Assigned task
Exactly the lines from the beginning of the records below through the line with "True North Wool" must be given again, without pictures.

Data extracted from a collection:
Start of Block

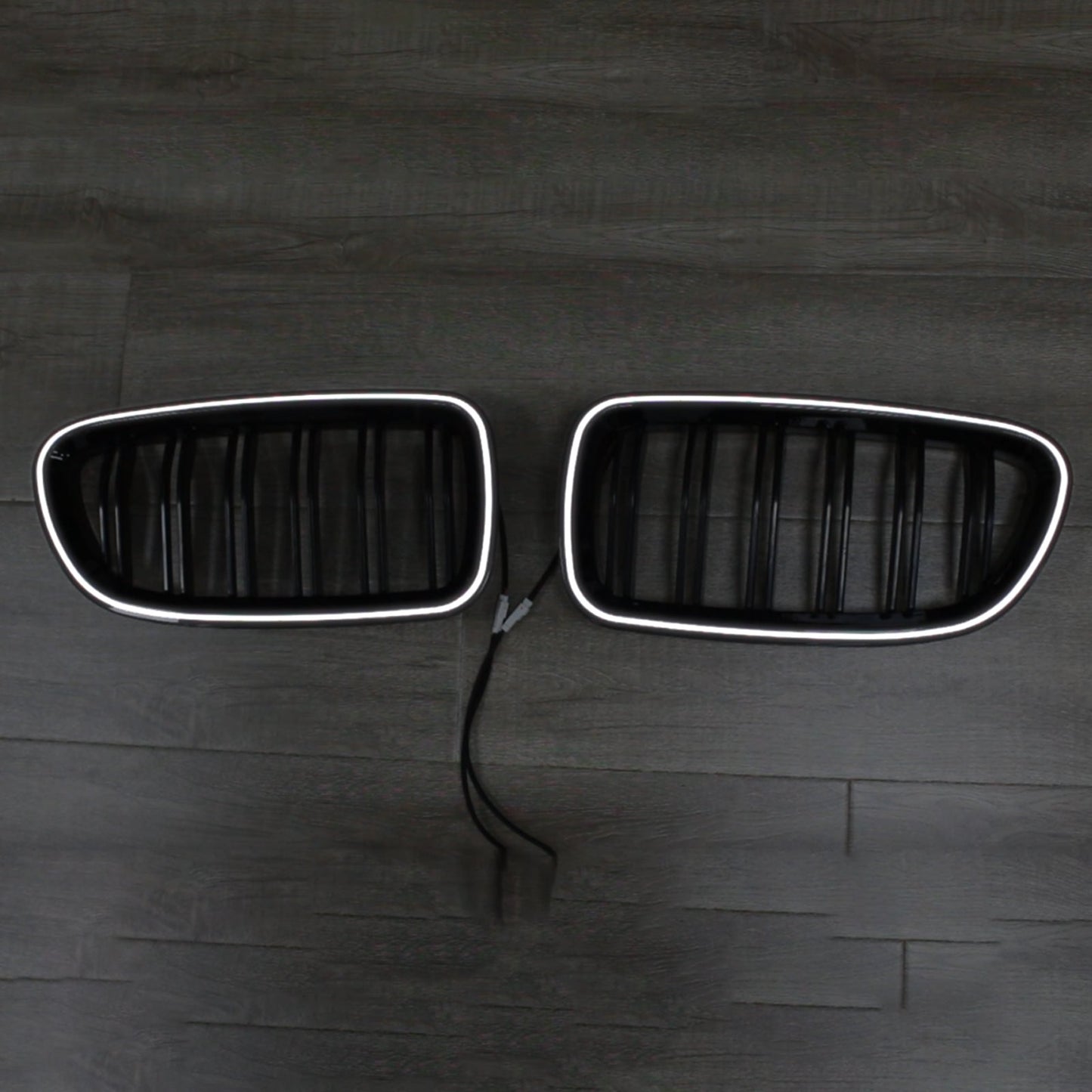 11.2009-02.2017 BMW 5-Series F11 Kidney Bumper Grill Grille Gloss Black 51137203649 51137203650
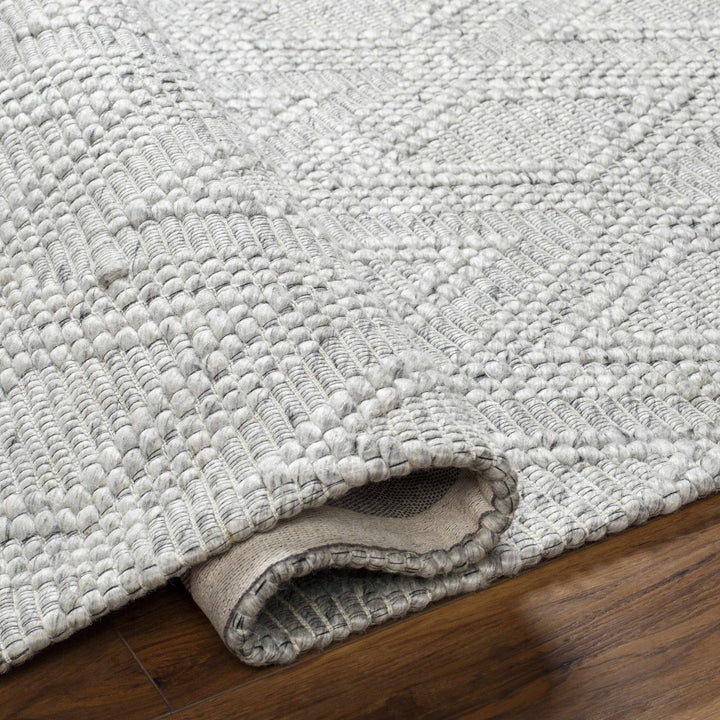 Kasib Contemporary Geometrical Gray Hand Woven Area Rug - The Rug Decor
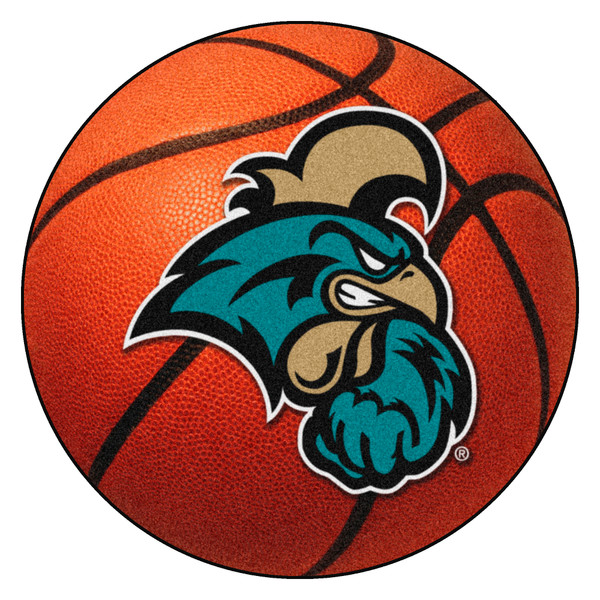 Coastal Carolina University - Coastal Carolina Chanticleers Basketball Mat "Chanticleer" Logo Orange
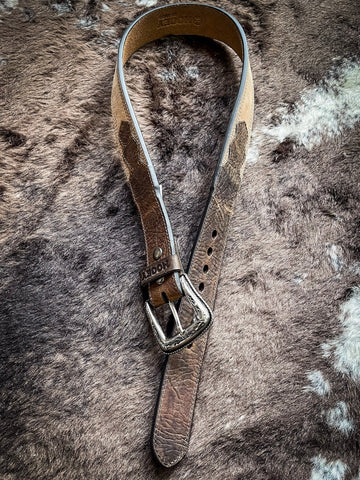 Gibson Natural/Brown Hooey Belt - Apparel - Hooey - Bronco Western Supply Co.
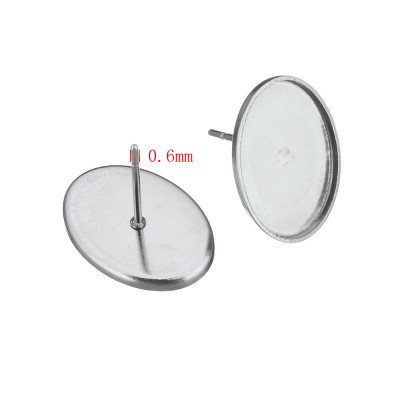 Oval bowl 10 x 14mm oval bowl in surgical steel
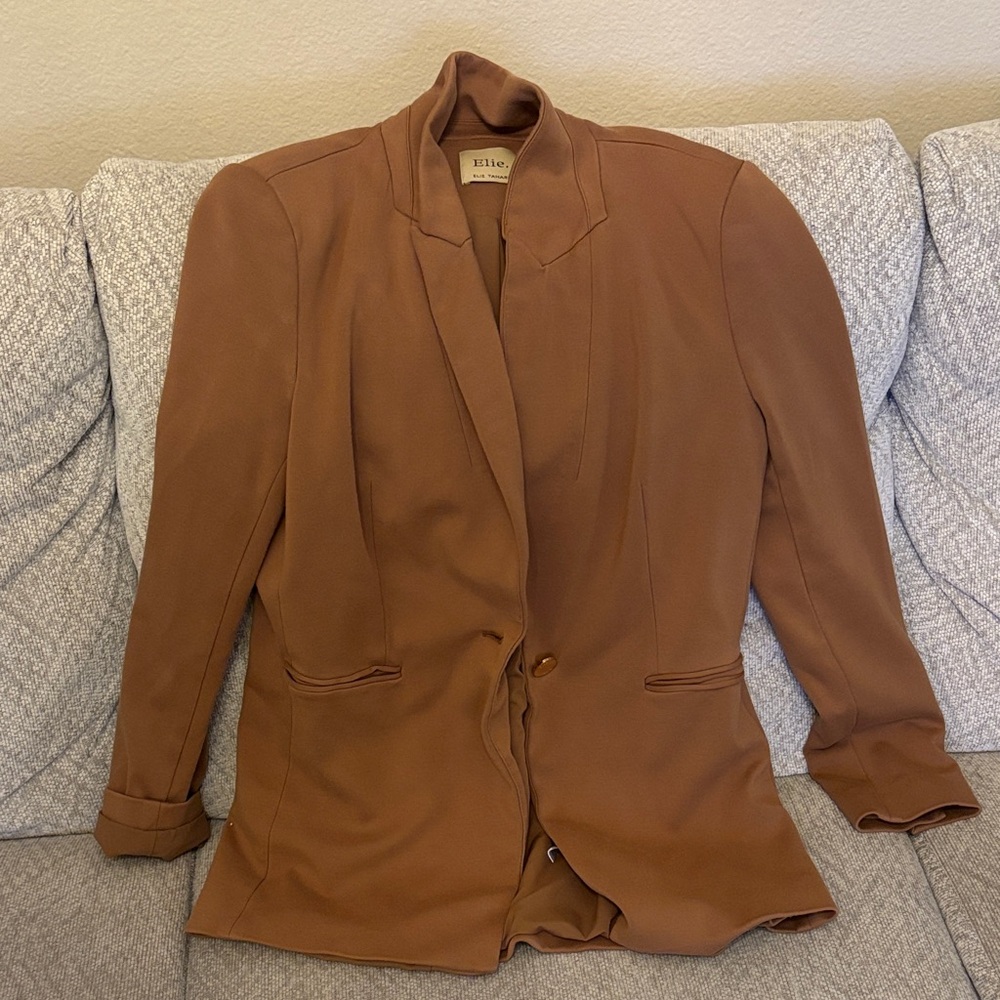 Elie Tahari Tan Women's Suit Jacket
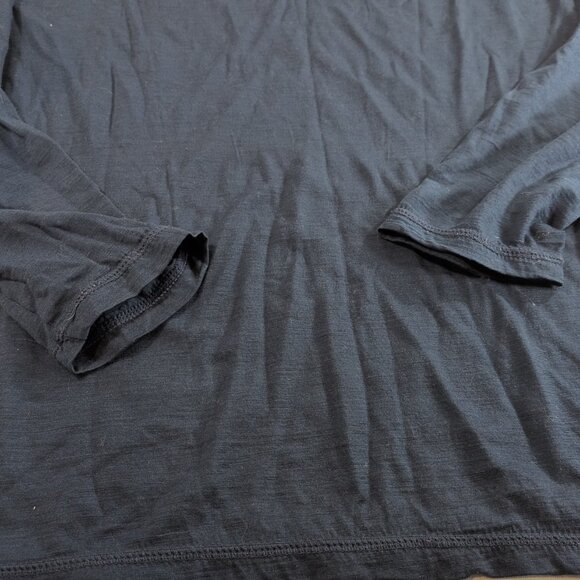 True North Wool Rich Blend 87% Merino Long Sleeve Shirt Navy Blue Men S Small - Picture 4 of 11
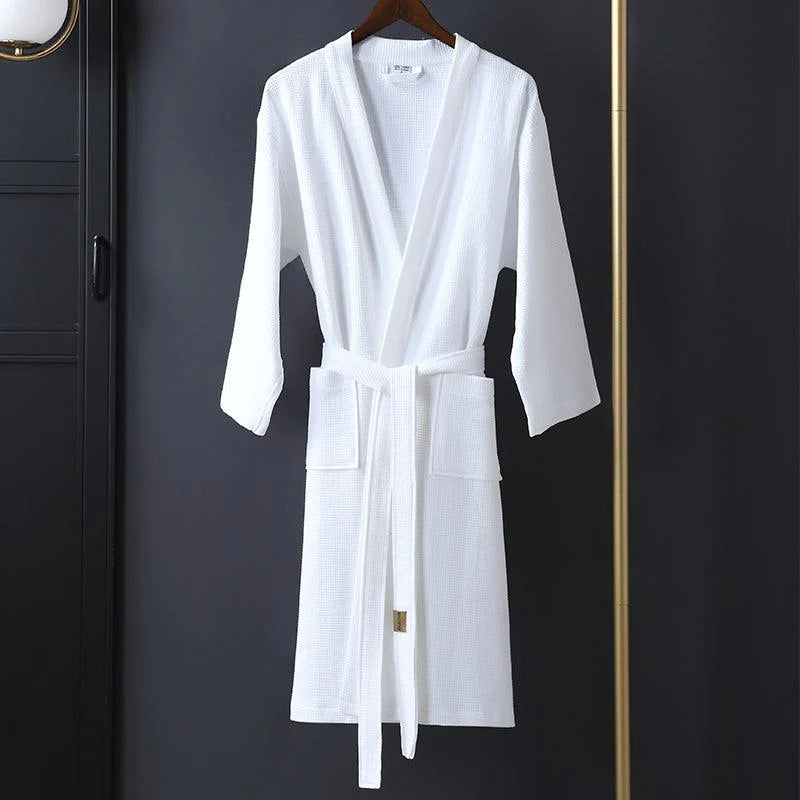Bathrobe Absorbent And Quick-drying Men's Women's Long Couples Thin Robe - melvincucci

End of Block

Output below
 11.2009-02.2017 BMW 5-Series F11 Kidney Bumper Grill Grille Gloss Black 51137203649 51137203650
 Kasib Contemporary Geometrical Gray Hand Woven Area Rug - The Rug Decor
 Coastal Carolina University - Coastal Carolina Chanticleers Basketball Mat "Chanticleer" Logo Orange
 Gibson Natural/Brown Hooey Belt - Apparel - Hooey - Bronco Western Supply Co.
 Oval bowl 10 x 14mm oval bowl in surgical steel
 Elie Tahari Tan Women's Suit Jacket
 True North Wool Rich Blend 87% Merino Long Sleeve Shirt Navy Blue Men S Small - Picture 4 of 11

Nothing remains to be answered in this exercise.